*** Opening The data ***

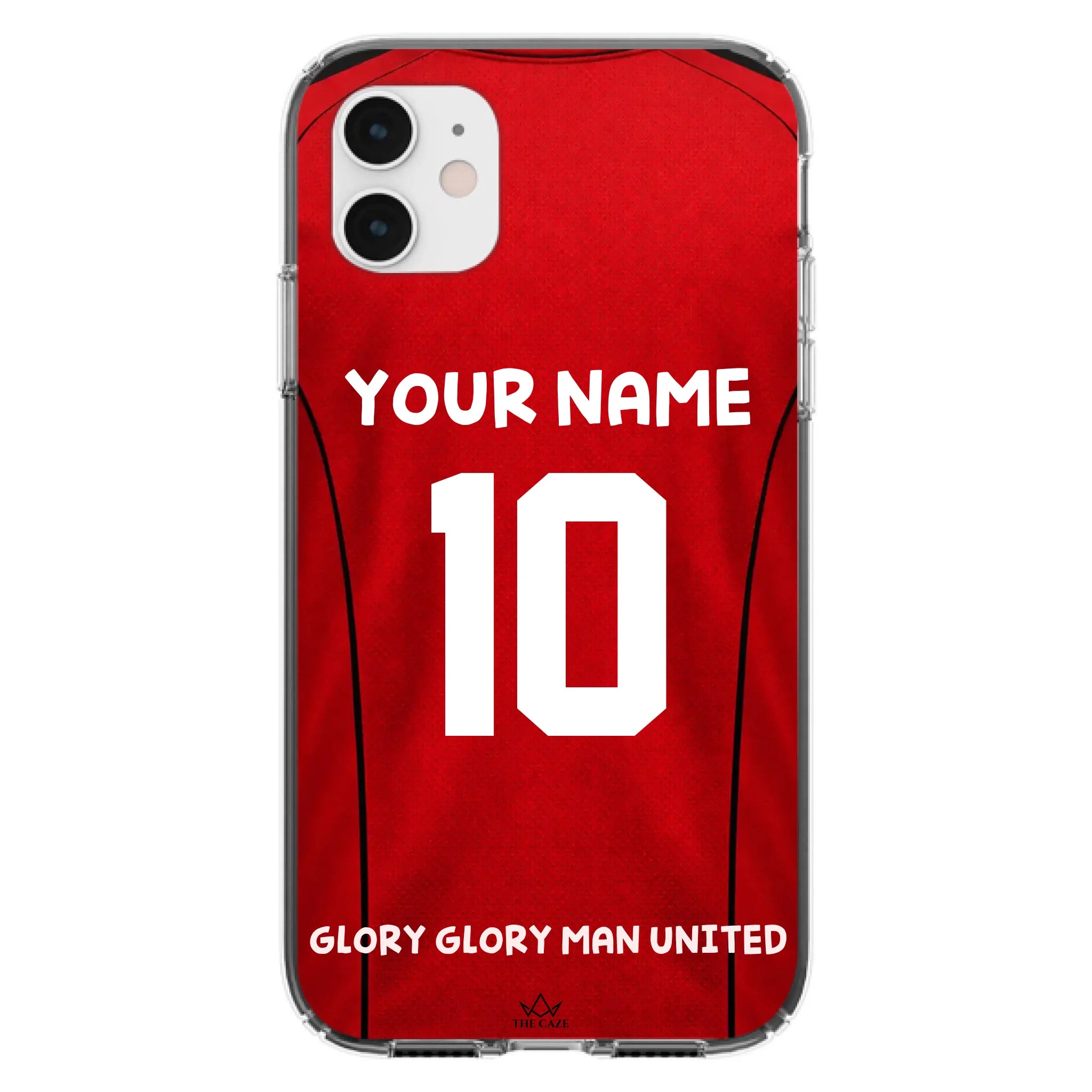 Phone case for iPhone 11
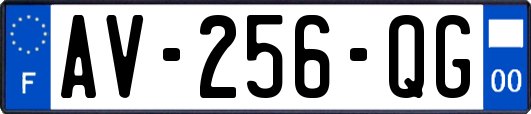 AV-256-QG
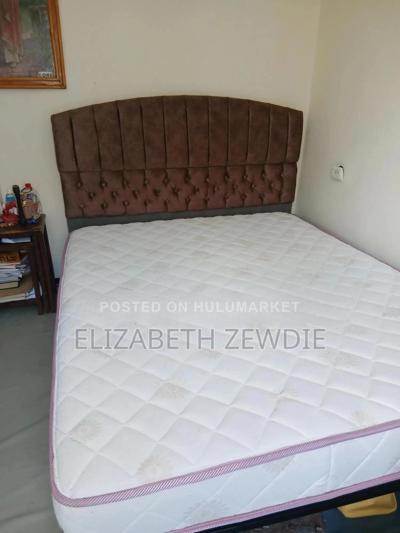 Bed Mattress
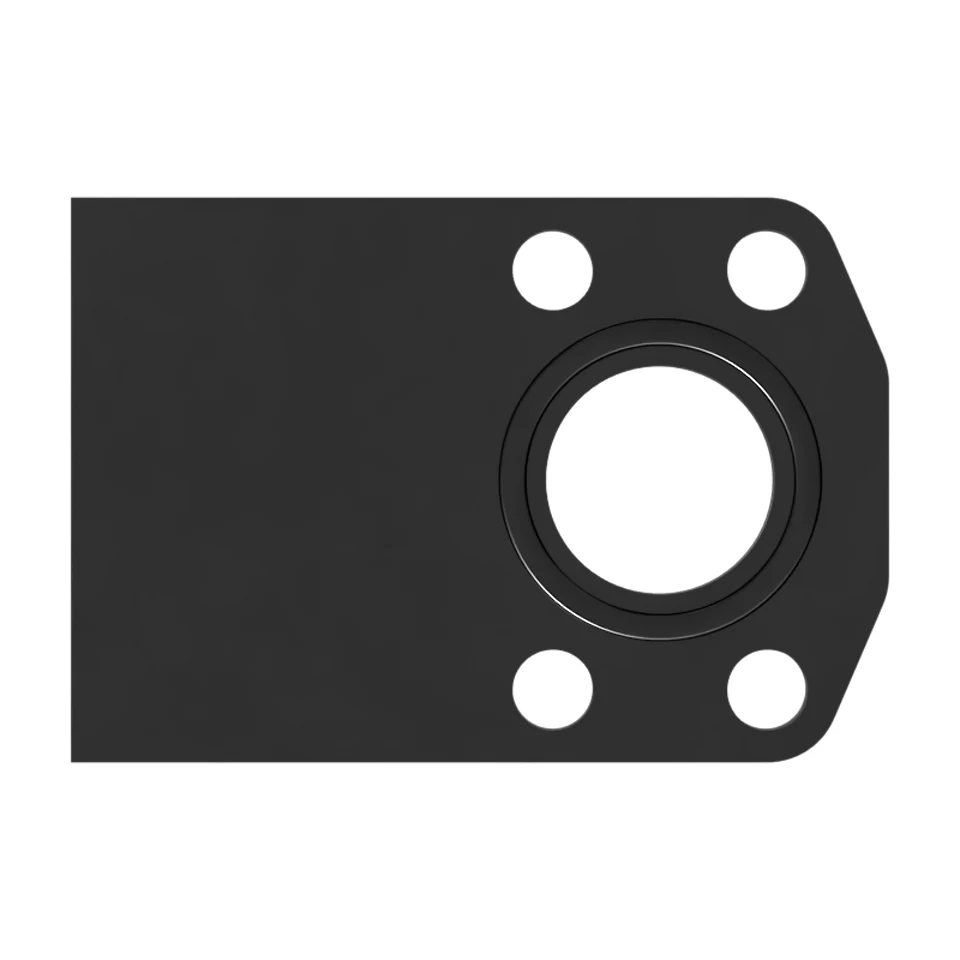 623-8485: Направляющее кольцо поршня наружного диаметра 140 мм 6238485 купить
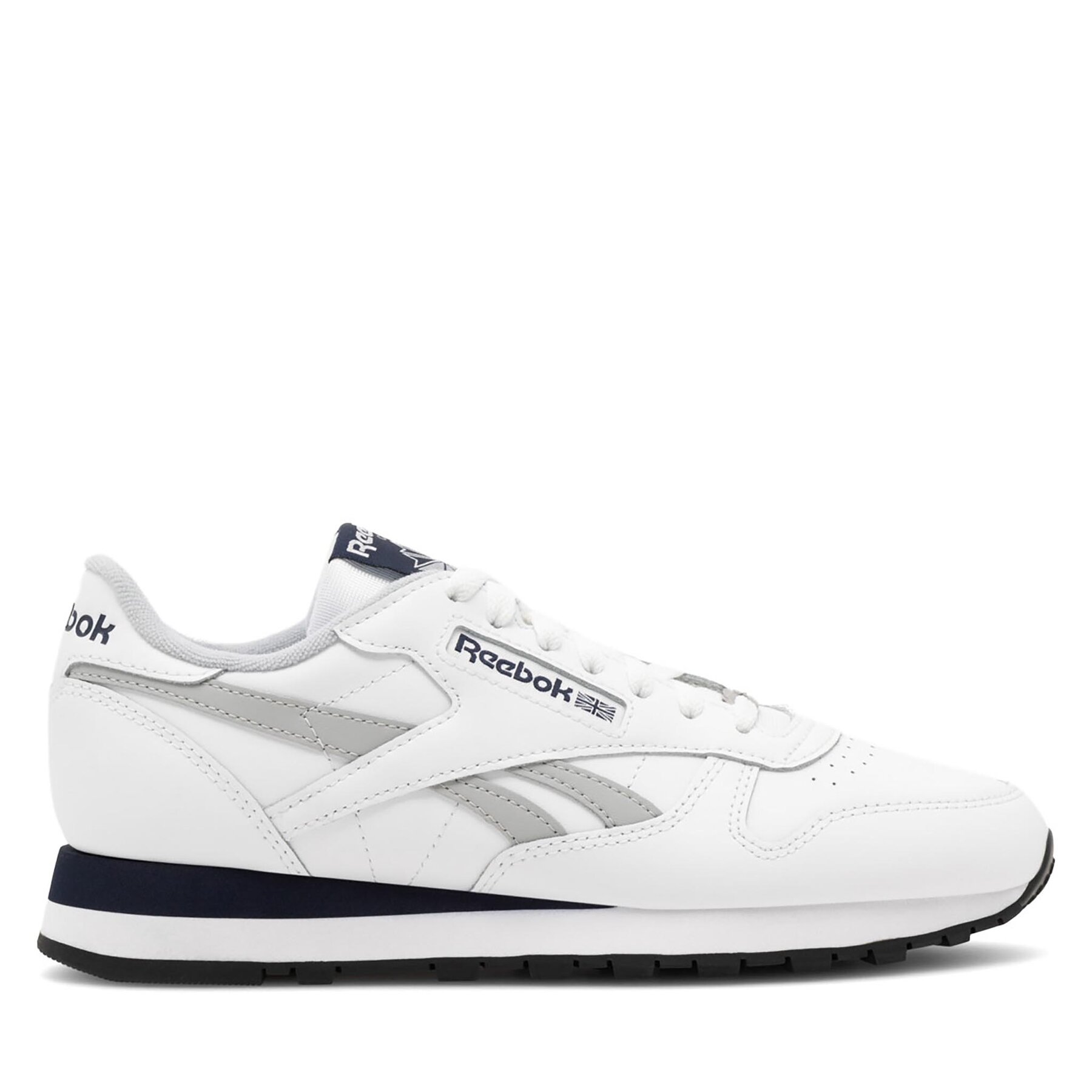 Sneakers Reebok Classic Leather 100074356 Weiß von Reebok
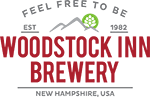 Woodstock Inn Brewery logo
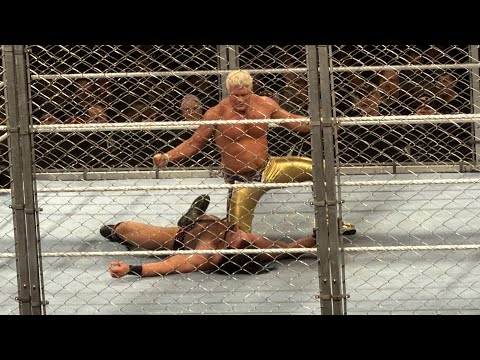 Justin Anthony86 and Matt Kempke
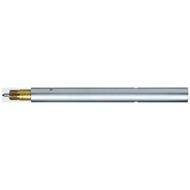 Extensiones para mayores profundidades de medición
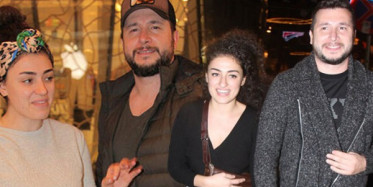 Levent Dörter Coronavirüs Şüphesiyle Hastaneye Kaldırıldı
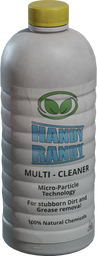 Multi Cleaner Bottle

*** Closing The data ***

The preceding entries are to be returned verbatim, with every picture excluded.

Result below:
 Phone case for iPhone 11
 AV-256-QG
 Bed Mattress
 623-8485: Направляющее кольцо поршня наружного диаметра 140 мм 6238485 купить
 Sneakers Reebok Classic Leather 100074356 Weiß von Reebok
 Woodstock Inn Brewery logo
 Justin Anthony86 and Matt Kempke
 Extensiones para mayores profundidades de medición
 Levent Dörter Coronavirüs Şüphesiyle Hastaneye Kaldırıldı
 Multi Cleaner Bottle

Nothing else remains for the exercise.